Governor Brian Kemp has stated that tort reform is his top priority this year.  Kemp argues that tort reform will reduce insurance premiums, which will, in turn, reduce costs for consumers.  In late January, he announced the package he is proposing to the legislature; from the website of the Office of the Governor:

  • Reevaluates the Standard for Negligent Security Liability (“Premises Liability”): Ensures businesses should only be liable for what they directly control. If signed into law, the legislation would hold property owners liable for failures to keep their property safe for their customers and the public but protect establishments for simply opening their doors and employing hardworking Georgians in communities and neighborhoods that need them.
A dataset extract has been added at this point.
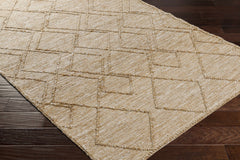 Buse Hand Woven Beige Area Rug - Clearance - Ornate Home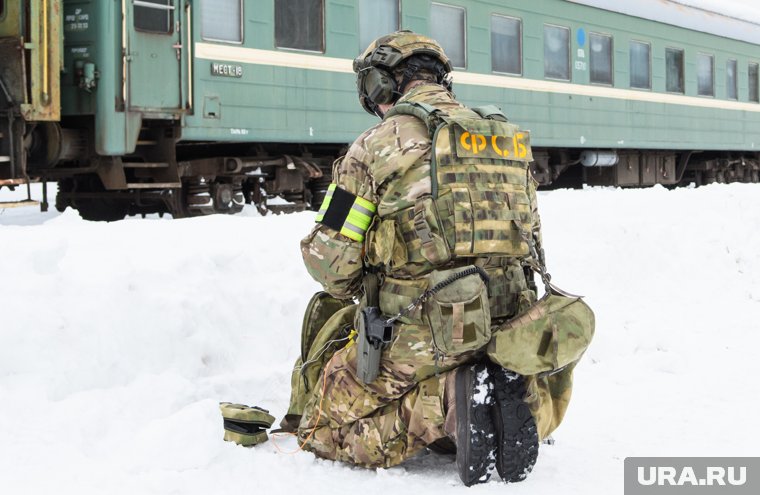 ФСБ пресекла контрабанду курганского леса на миллионы рублей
  • Truthful Calculation of Medical Damages in Personal Injury Cases  (“Phantom Damages”): Requires the plaintiff to only seek damages in the amount actually paid (or will be paid in the future) for a medical bill, rather than the inflated amount that is currently introduced in evidence – ensuring Georgians who are successful in their litigation are made whole, and have their costs covered, while protecting consumers from inflated costs being passed on to them. 
  • Eliminates the Ability to Arbitrarily Anchor Pain and Suffering Damages to a Jury (“Anchoring”): Prohibits the use of anchoring tactics by attorneys in closing arguments so the jury can use their own discretion—rather than artificial benchmarks like the cost of fighter jets, or the number of miles a truck drove, or the salary of a professional athlete—all of which are real examples from cases. 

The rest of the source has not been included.